Sanz, Barbón y las feministas

septiembre 14, 2019

La polémica presencia del presidente del Principado en la fiesta religiosa de Covadonga y sus consecuencias

Barbón y Sanz Montes, en la misa por el Día de Asturias. / XUAN CUETO

Barbón y Sanz Montes, en la misa por el Día de Asturias. / Xuan Cueto / Fuente

Víctor Guillot, La Nueva España, 14 de septiembre de 2019

Las feministas han reclamado estos días al gobierno de Barbón que acate la Constitución y separe las celebraciones civiles de las religiosas. El caso es que Jesús Sanz Montes, el arzobispo de Oviedo, rajó en la Basílica de Covandonga contra las feministas al equipararlas con los machistas. Un sindios, vaya. En realidad, Sanz Montes ha soltado el “speech”, el discurso político, la filípica contra las feministas, los gays y todos aquellos que se salen del dogma de la fe católica y se han emancipado de la doctrina moral de la Iglesia. El arzobispo, que tiene semblante militar, estuvo a lo suyo, sonando a rancio, viejuno y arcaico. Más que un franciscano, Sanz Montes es el mariscal de la Iglesia, pura Inquisición. Nada que ver con la visión social y socialista de Merchán o la elegancia diplomática y veneciana de Osoro. Otra cosa, ya digo. Sin embargo, a su sombra, la figura del presidente asturiano, Adrián Barbón, disminuye y se subordina, como la de un liliputiense que no es capaz de decir ni esta boca es mía ante un Gulliver gigante y emergente que ha logrado romper las cuerdas de la ley, incitando a la discriminación.

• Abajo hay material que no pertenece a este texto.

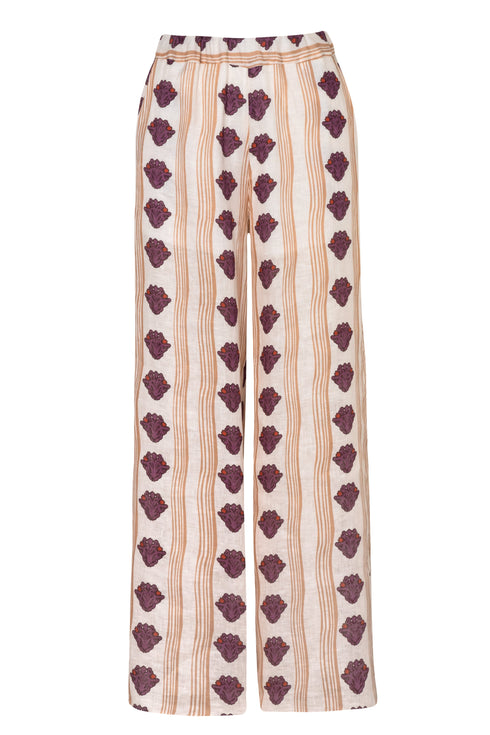 Athenas Linen Pants / White Beige Stripes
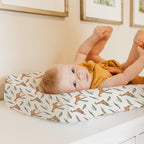 Stretchy Changing Pad Covers BROLEX Changing Table Cover for Baby Boys Girls,2 Pack Jersey Knit,Giraffe Leaf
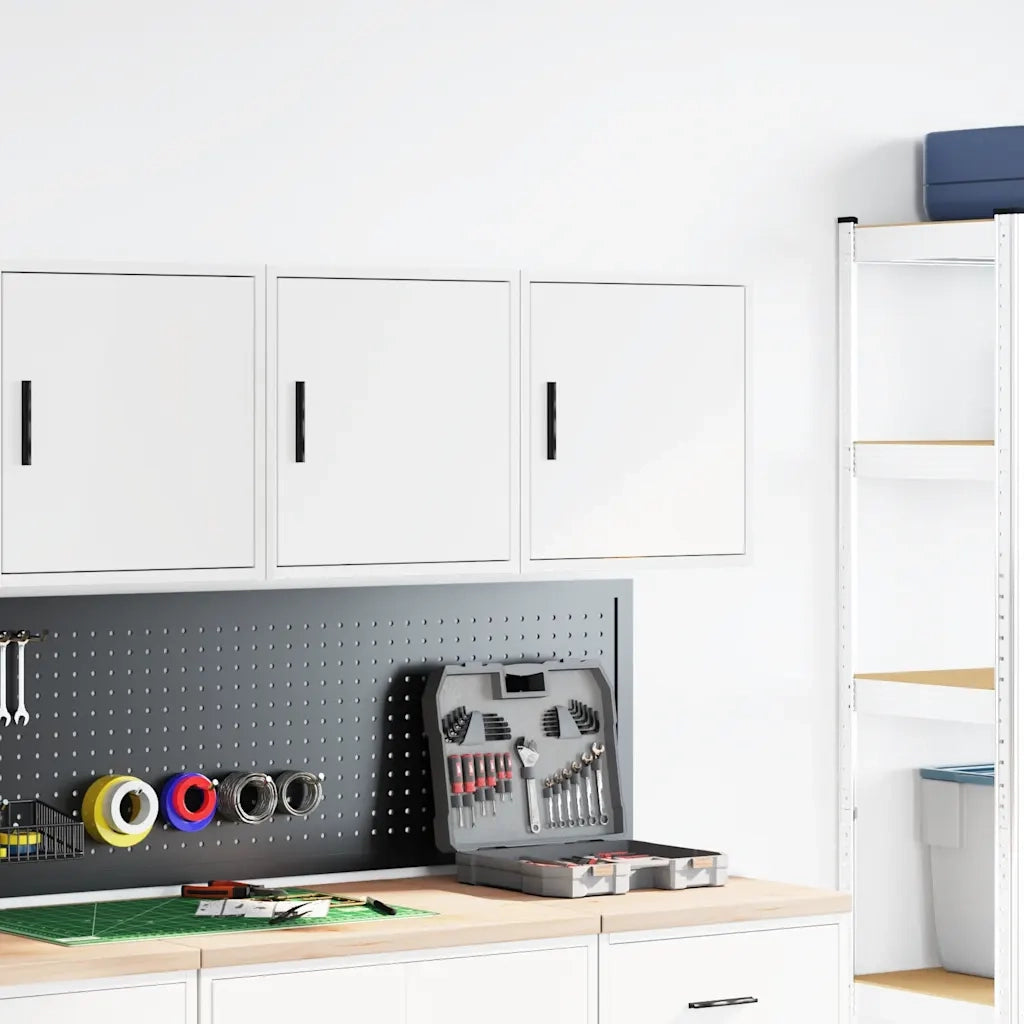 Pensili per Garage 2 pz Bianco in Legno Multistrato CFW1847361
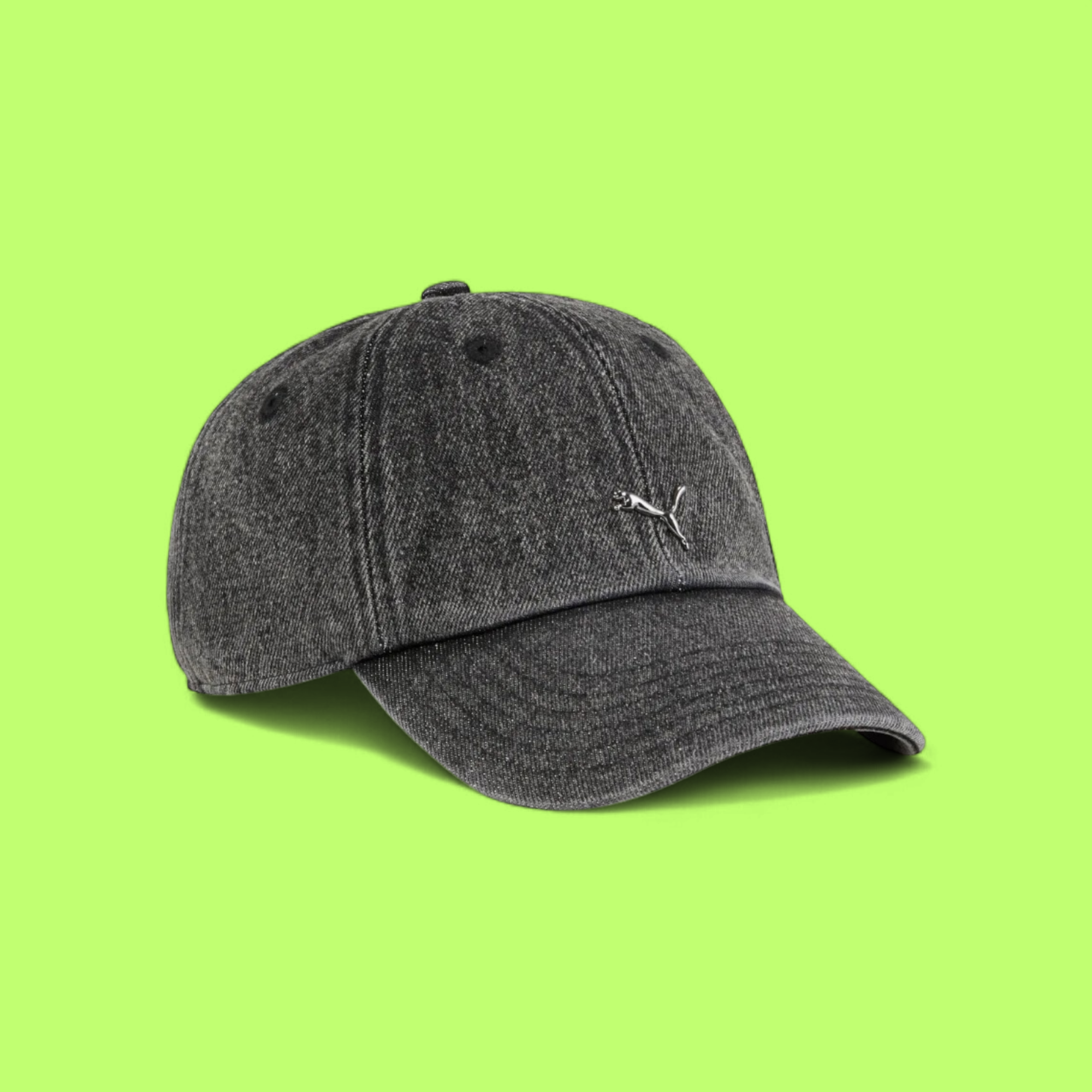 PUMA VINTAGE WASHED BLACK CAP WITH SMALL ICONIC LOGO
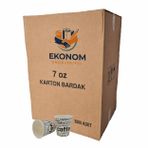 Ekonom Endüstriyel Karton Bardak, Kahve Temalı Baskılı, 7 oz, Tek Kullanımlık, 3000 Adet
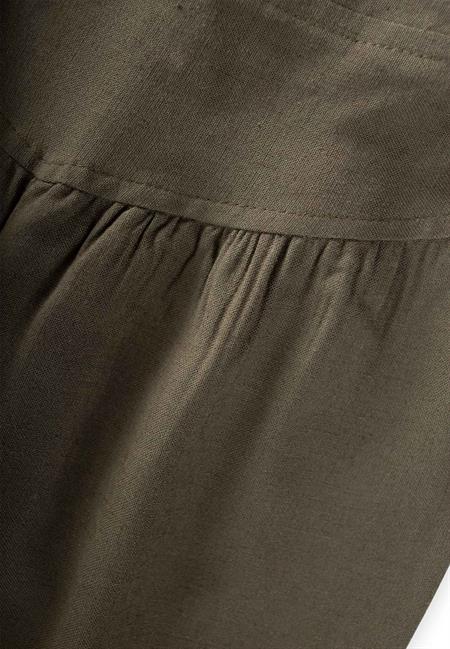 Korsajlı Büzgülü Keten Pantolon 2-7 Yaş Haki Yeşil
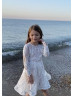 Long Sleeves White Lace Tulle Flower Girl Dress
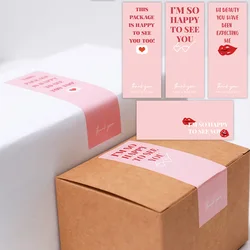 10-30pcs This Package Is Happy To See You Too Seal Labels Stickers Cute Pink Thank You Gift Packaging Sealing Decoration Sticker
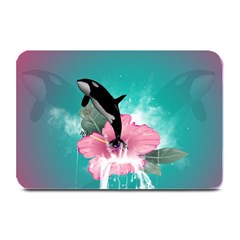 Orca Jumping Out Of A Flower With Waterfalls Plate Mats by FantasyWorld7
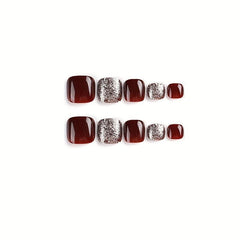 24pcs Red Square Glitter False Toe Nails for Women Girls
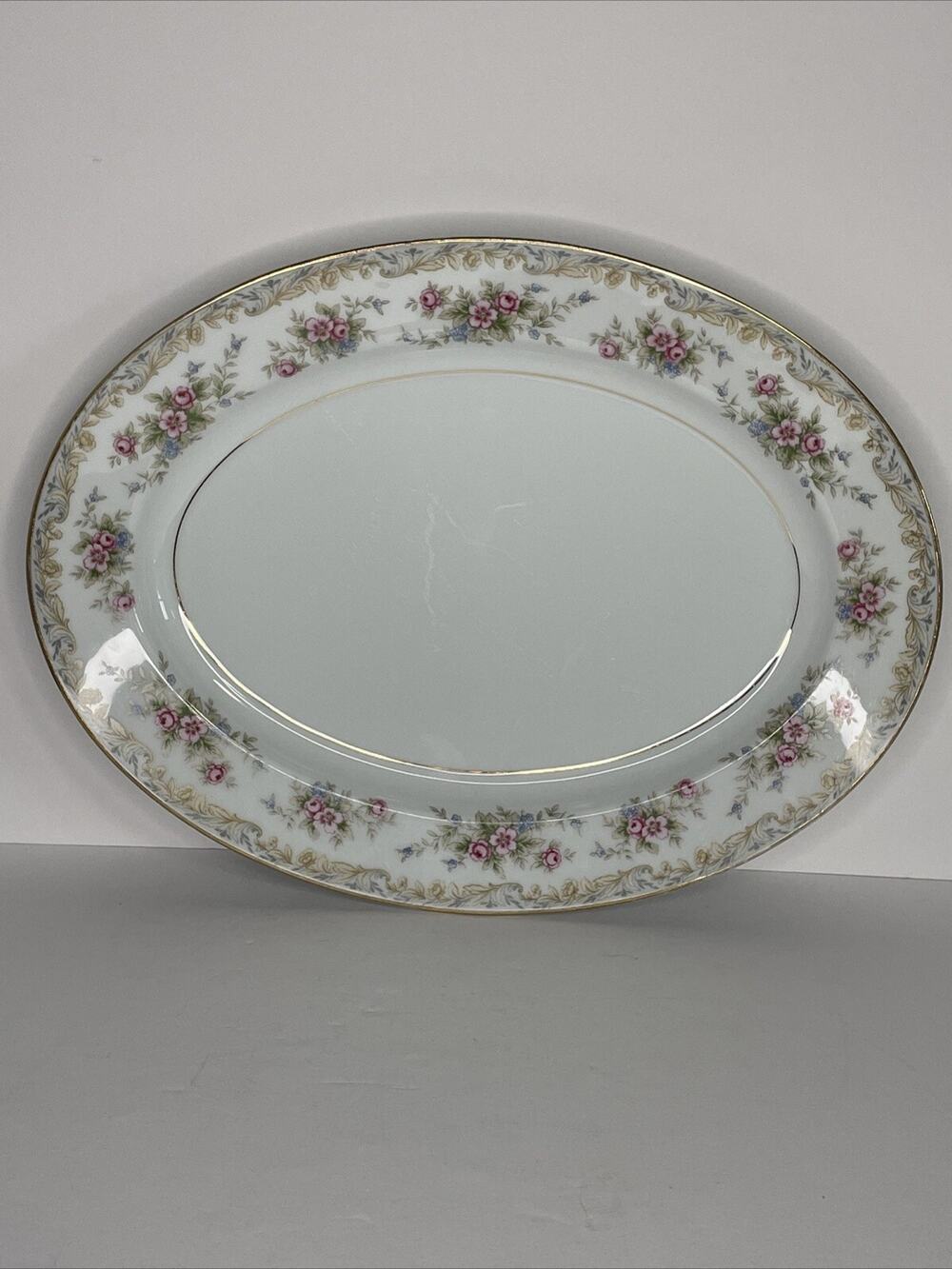 Noritake China Somerset 5317 Oval Platter VNTG Roses Gold Trim 13 1/2” X 10 1/2”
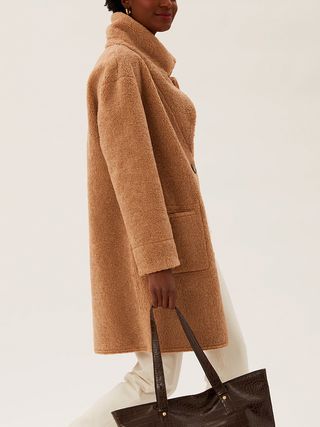 M&S Collection + Faux Shearling Reversible Longline Coat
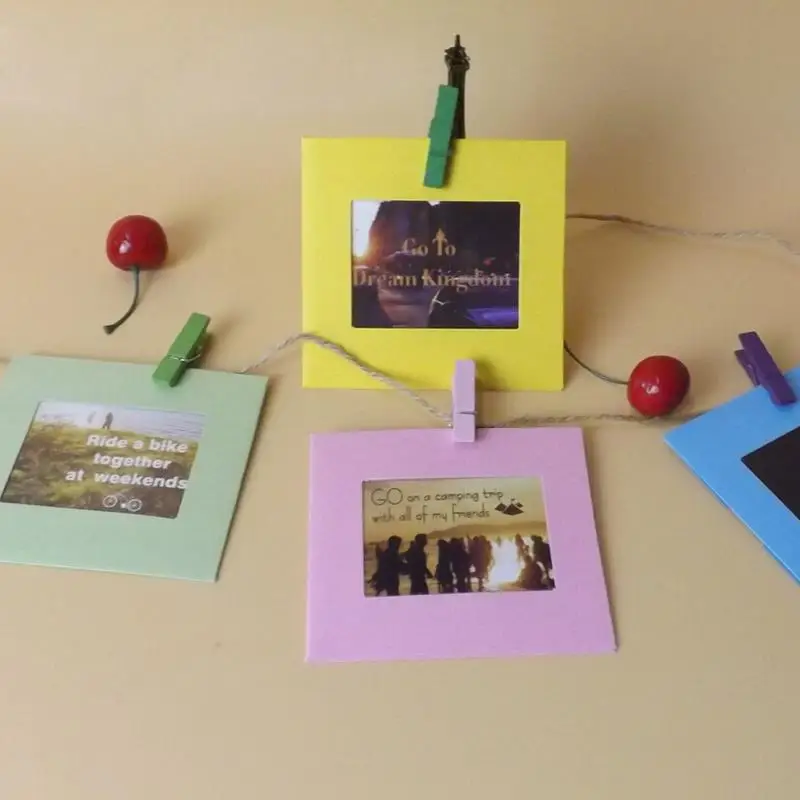 Us 1 71 40 Off 10pcs Lot 3 Inch Colorful Diy Wall Hanging Cute Paper Photo Frame With Rope Wood Clip For Pictures Yl872256 In From Home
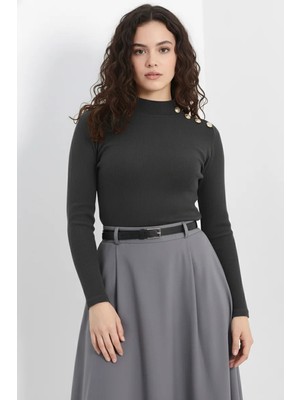 Modanı Seç Gold Düğmeli Balıkçı Yaka Fitilli Kaşkorse Bluz - Antrasit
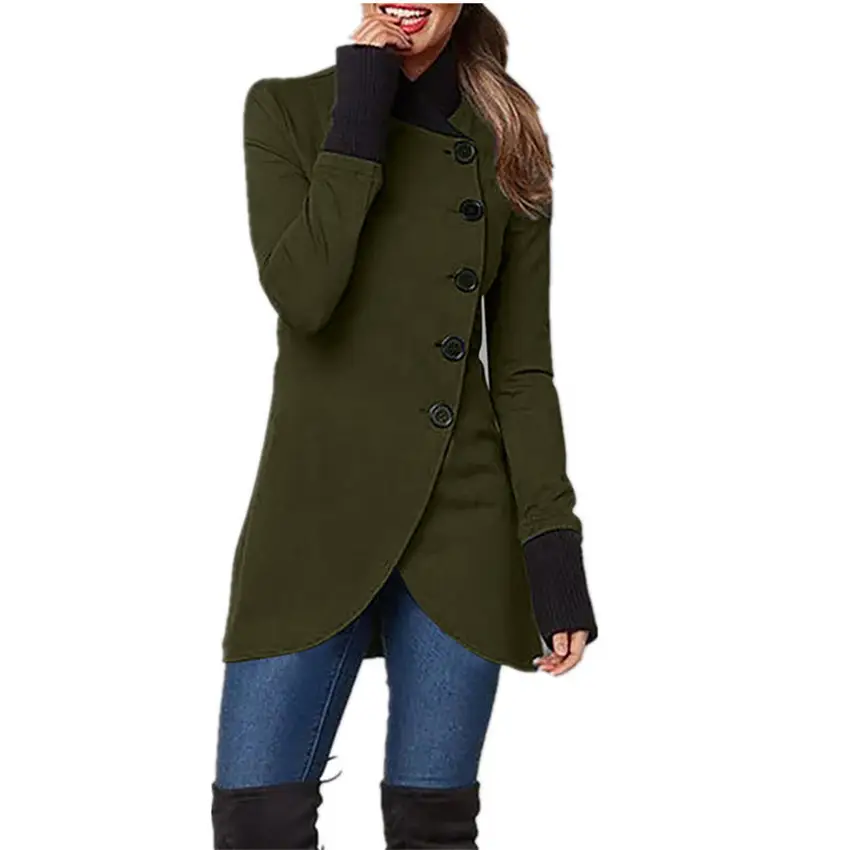 2021 Black Long Sleeve Coat with Button Front - Image 3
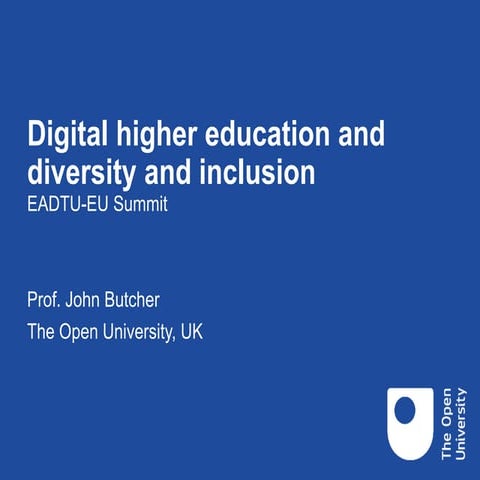 Digital Higher Education and diversity and Inclusion | PPTX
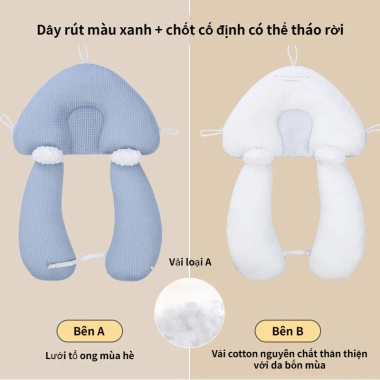 Gối chữ U cho bé sơ sinh, chống giật mình, định hình, chống bẹp đầu, kèm dây rút điều chỉnh vòng đầu, giảm giá 18% 9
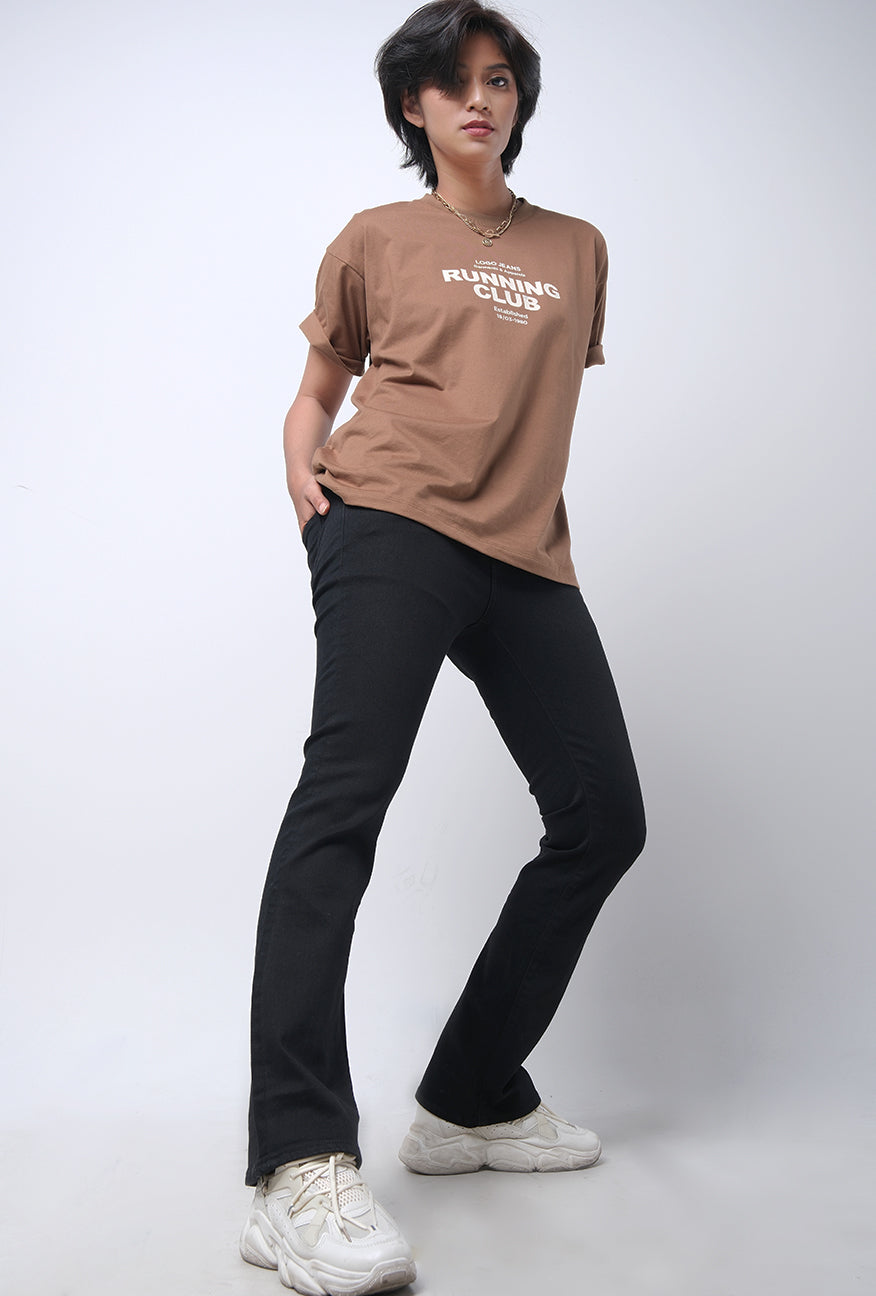 T-Shirt Oversized Lengan Pendek Edrea Brown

Curiosamente, entre Barbón y Sanz Montes hay más en común de lo que se podría pensar. Uno practica la mística de la izquierda, tan ritual como la católica, y el otro la ortodoxia de la iglesia, tan práctica como la socialdemócrata. Los místicos trascienden la ortodoxia, pero, nunca se escapan de ella. Y ciertamente, tras el sermón del arzobispo, no hubo réplica por parte de Barbón, tan solo un bisoño y manido alegato a favor del feminismo y la diversidad sexual tan descontextualizado, que podría haberlo dicho una semana antes y en cualquier otro lugar y habría pasado igual de desapercibido. Lee el resto de esta entrada »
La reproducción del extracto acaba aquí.